• [WHAT TO PRODUCE]: Skip the pictures. Set down, word for word, the lines from the start of the material up to and including the line with "Now let's show".

*** Opening of GIVEN MATERIAL ***

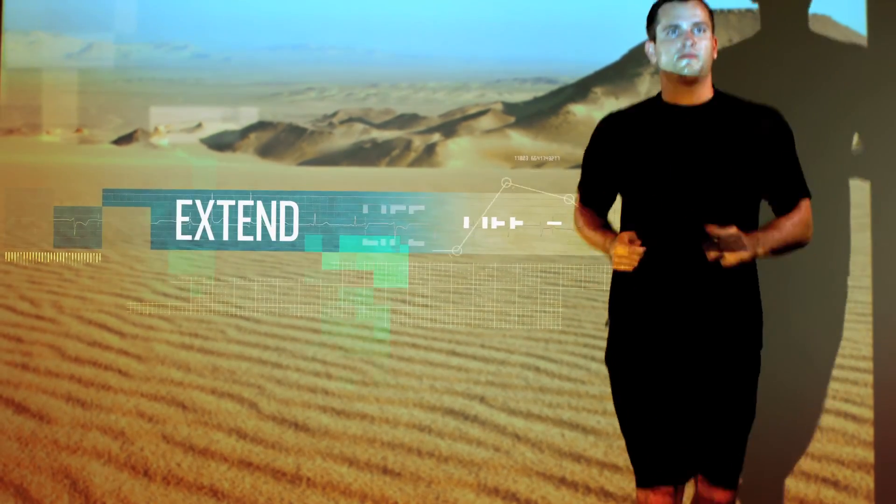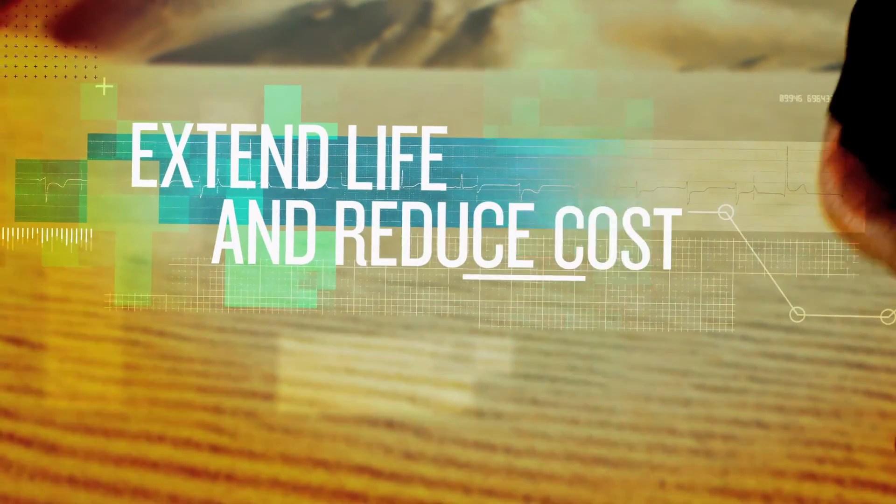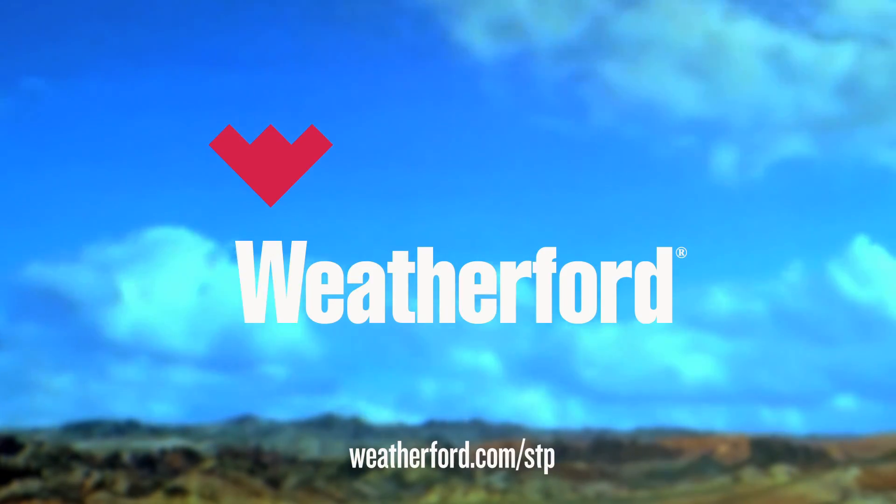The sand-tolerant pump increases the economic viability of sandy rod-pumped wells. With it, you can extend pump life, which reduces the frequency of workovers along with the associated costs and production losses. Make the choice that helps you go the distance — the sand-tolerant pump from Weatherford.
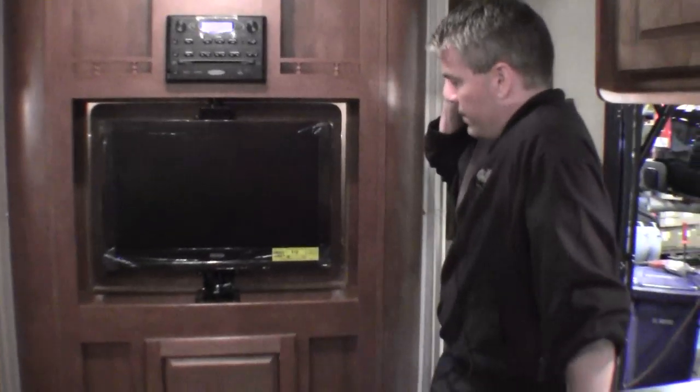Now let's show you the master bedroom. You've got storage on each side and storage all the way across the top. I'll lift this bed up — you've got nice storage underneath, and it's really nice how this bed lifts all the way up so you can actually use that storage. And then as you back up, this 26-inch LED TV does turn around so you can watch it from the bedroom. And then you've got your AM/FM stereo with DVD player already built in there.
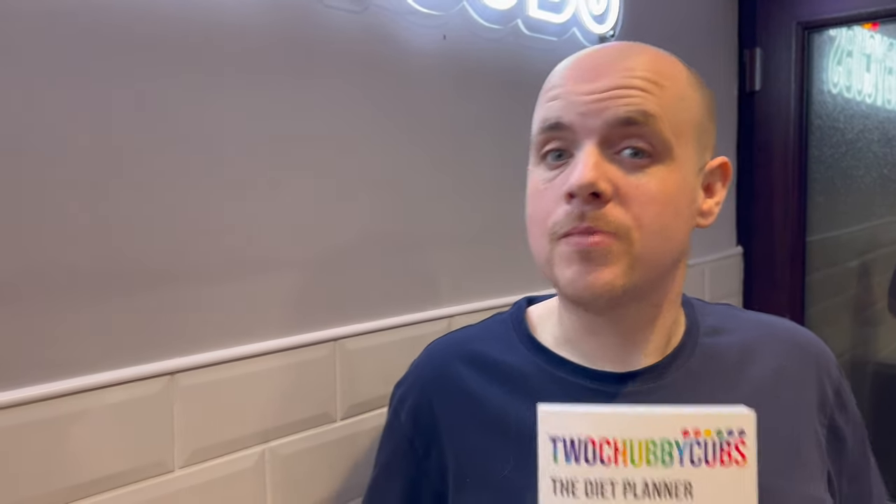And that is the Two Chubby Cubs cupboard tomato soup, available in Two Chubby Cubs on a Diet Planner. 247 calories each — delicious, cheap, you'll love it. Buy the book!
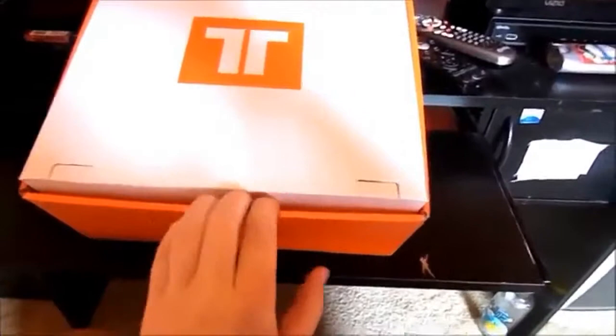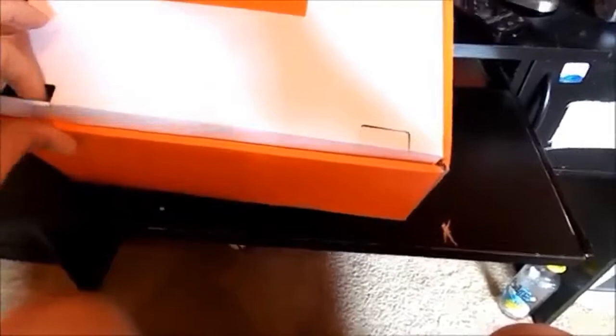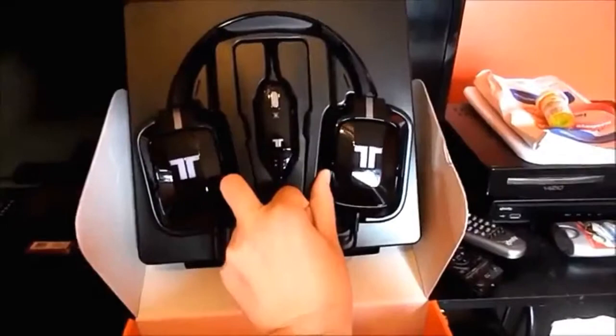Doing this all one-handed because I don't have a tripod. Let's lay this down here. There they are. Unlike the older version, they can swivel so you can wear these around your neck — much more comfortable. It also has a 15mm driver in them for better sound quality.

*** Close of GIVEN MATERIAL ***

• [SOLUTION TO THIS PROBLEM]:
The sand-tolerant pump increases the economic viability of sandy rod-pumped wells. With it, you can extend pump life, which reduces the frequency of workovers along with the associated costs and production losses. Make the choice that helps you go the distance — the sand-tolerant pump from Weatherford.
Now let's show you the master bedroom. You've got storage on each side and storage all the way across the top. I'll lift this bed up — you've got nice storage underneath, and it's really nice how this bed lifts all the way up so you can actually use that storage. And then as you back up, this 26-inch LED TV does turn around so you can watch it from the bedroom. And then you've got your AM/FM stereo with DVD player already built in there.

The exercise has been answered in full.